Your output should be exactly the lines from the one containing "Tory Burch Heels" through the last line of the listing, and nothing else. Pictures stay out.

──────────

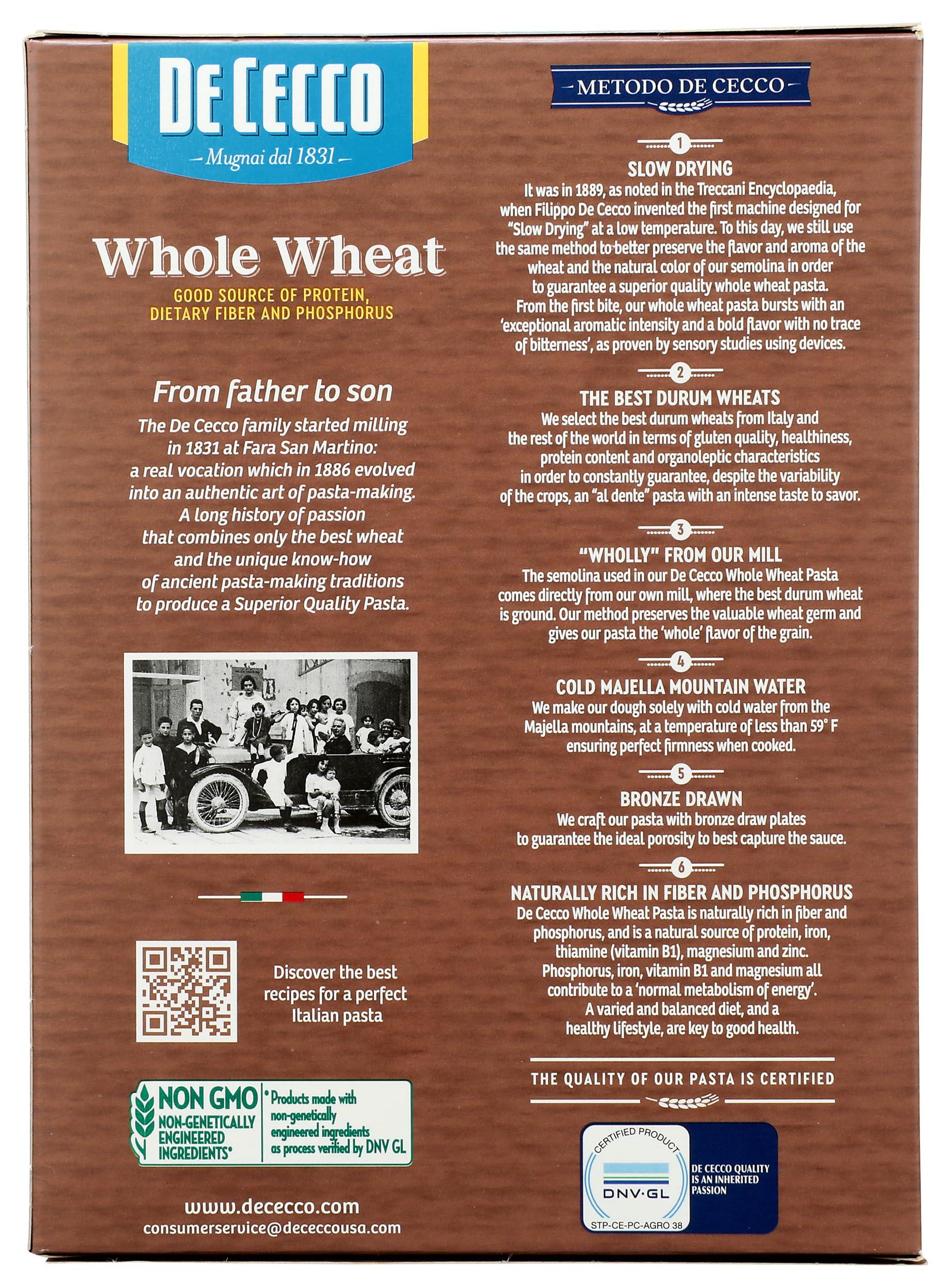 De Cecco De Cecco Pasta Fusilli Whole Wheat Pasta, 13.25 oz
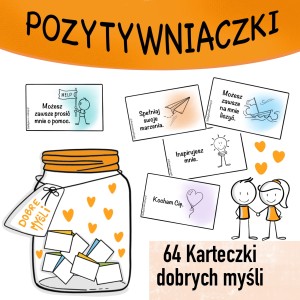 POZYTYWNIACZKI - 2 wersja kolorystyczna - 64 karteczki dobrych myśli dla chłopca i dziewczynki (1)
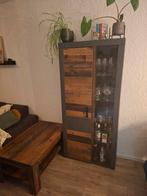 Vitrinekast met (eventueel) salontafel - Hout en glas, Huis en Inrichting, Ophalen, Eikenhout, 50 tot 100 cm, Modern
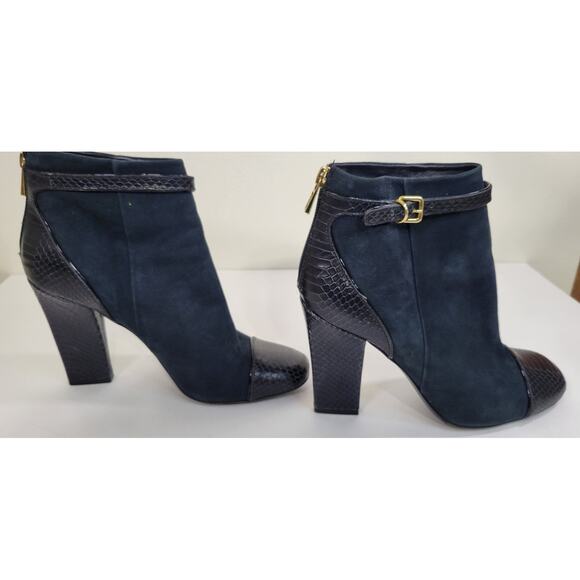 Tory Burch Heels Gracie Bootie Women's Navy Suede & Leather Shoe Size 9. - Picture 5 of 13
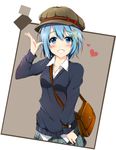  bad_id bad_pixiv_id bag blue_eyes blue_hair cabbie_hat casual fortissimo fortissimo_hair_ornament grin hair_ornament hairclip handbag hat mahou_shoujo_madoka_magica mahou_shoujo_madoka_magica_movie miki_sayaka shiina_kuro short_hair smile solo sweater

──────────

● **SOLUTION TO THIS PROBLEM**
 Tory Burch Heels Gracie Bootie Women's Navy Suede & Leather Shoe Size 9. - Picture 5 of 13
  bad_id bad_pixiv_id bag blue_eyes blue_hair cabbie_hat casual fortissimo fortissimo_hair_ornament grin hair_ornament hairclip handbag hat mahou_shoujo_madoka_magica mahou_shoujo_madoka_magica_movie miki_sayaka shiina_kuro short_hair smile solo sweater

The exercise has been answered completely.